Success looks like success

One useful thing I have learnt by working in an early stage startup is that success looks and feels like success. If you are doing something and it does not seem like it is being successful then it isn’t. This might seem like something that is completely obvious but it is really not.

There are many kinds of “not success” (or failure to give it it’s true but cruel name). The worst is the “almost success” where something works and delivers on its promise, but not very well. Almost success creates this dilemma where perhaps with a little iterating and more effort you could turn it into a real success.

When this kind of success creates ongoing liabilities in terms of customer expectations then the situation is even worse. If you try and cancel things or do a lean startup pivot then you are guaranteed to alienate your current customers with only the hope of gaining more of the true customer base you originally envisaged.

Weak success is a little better, weak success is not outright failure but is so unsuccessful that people completely understand if you want to knock it on the head.

In a large organisation though things are far more difficult. Both almost success and weak success are ironically more dangerous in a big and profitable organisation due to two factors: personal reward and hidden cross-subsidy.

If someone achieves any degree of success in an organisation they expect to be rewarded for it. Perhaps justifiably, perhaps not. Either way there are serious morale implications if at the end of period of exertion by any group or individual you kill off the object of all their efforts, no matter how rational and correct that decision may be.

In general people are conflict averse so they prefer to reward almost success and move on to other activities that might be more successful.

However a set of almost successful activities all have real costs and the minute any of them fail to generate revenue sufficient to carry their costs then you are in the world of the hidden cross-subsidy where all your almost successful projects and products start to drag down any aspect of the business that is profitable.

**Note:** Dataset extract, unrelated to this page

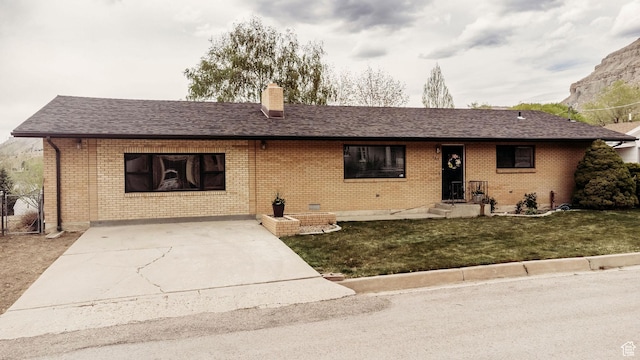 single story home featuring driveway, a chimney, a front yard, roof with shingles, and brick siding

It is a tar pit that can be difficult to escape unless you have really good accounting to see where money is coming and going. It is only easy in a startup because generally you only have one product and therefore all profit and loss is easy to tally and attribute.

So everything in your business that is not a success is a potentially business-killing failure. And for that reason, even though it is hard, you need to end almost success just as much as you need end failure.

The question to ask is not “Is this successful?”; if you are asking that question then the answer is simply no. If you are successful then the question you ask is “How are we going to deal with all this success?”.